== RECORD EXTRACTS

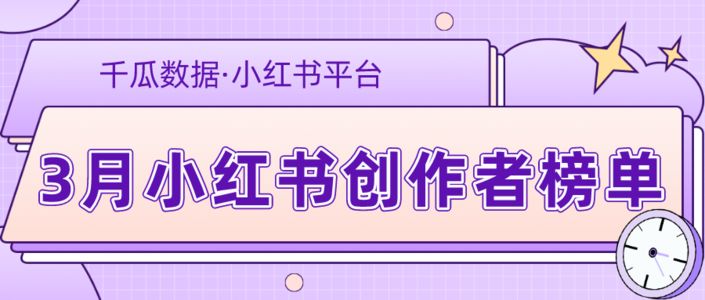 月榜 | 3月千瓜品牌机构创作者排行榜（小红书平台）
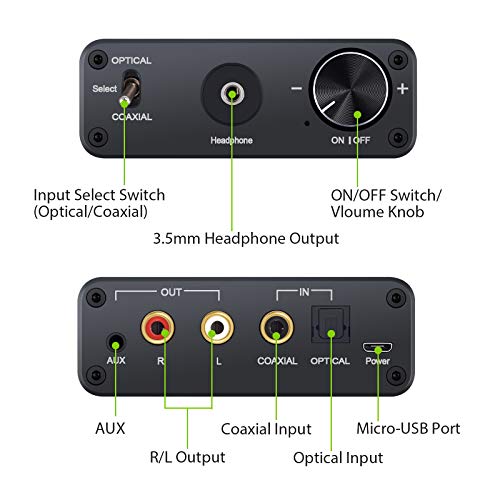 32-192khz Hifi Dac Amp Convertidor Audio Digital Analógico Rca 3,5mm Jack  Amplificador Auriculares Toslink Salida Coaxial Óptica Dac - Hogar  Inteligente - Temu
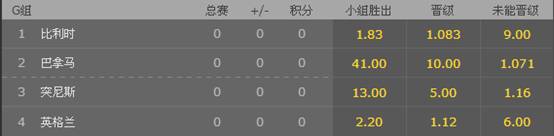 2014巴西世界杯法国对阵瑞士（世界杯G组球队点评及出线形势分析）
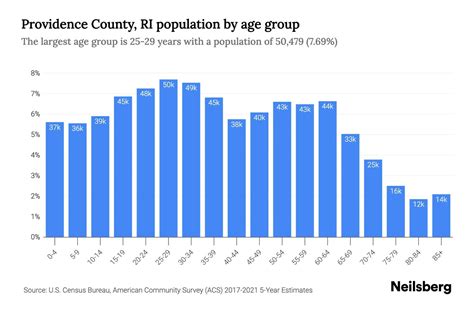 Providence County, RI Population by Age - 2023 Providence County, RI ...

====
== RECORD EXTRACTS

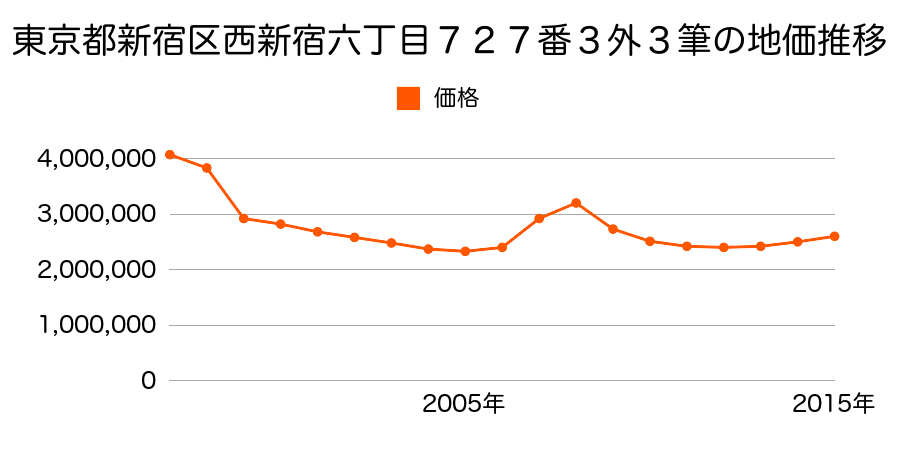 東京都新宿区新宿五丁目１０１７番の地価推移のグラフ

====

▶ **REQUIREMENT**:
From the line containing "月榜 | 3月千瓜品牌机构创作者排行榜（小红书平台）" through the line containing "2014巴西世界杯法国对阵瑞士（世界杯G组球队点评及出线形势分析）", copy every line above exactly, without pictures.

▶ **FINAL ANSWER**:
 月榜 | 3月千瓜品牌机构创作者排行榜（小红书平台）
 32-192khz Hifi Dac Amp Convertidor Audio Digital Analógico Rca 3,5mm Jack  Amplificador Auriculares Toslink Salida Coaxial Óptica Dac - Hogar  Inteligente - Temu
 2014巴西世界杯法国对阵瑞士（世界杯G组球队点评及出线形势分析）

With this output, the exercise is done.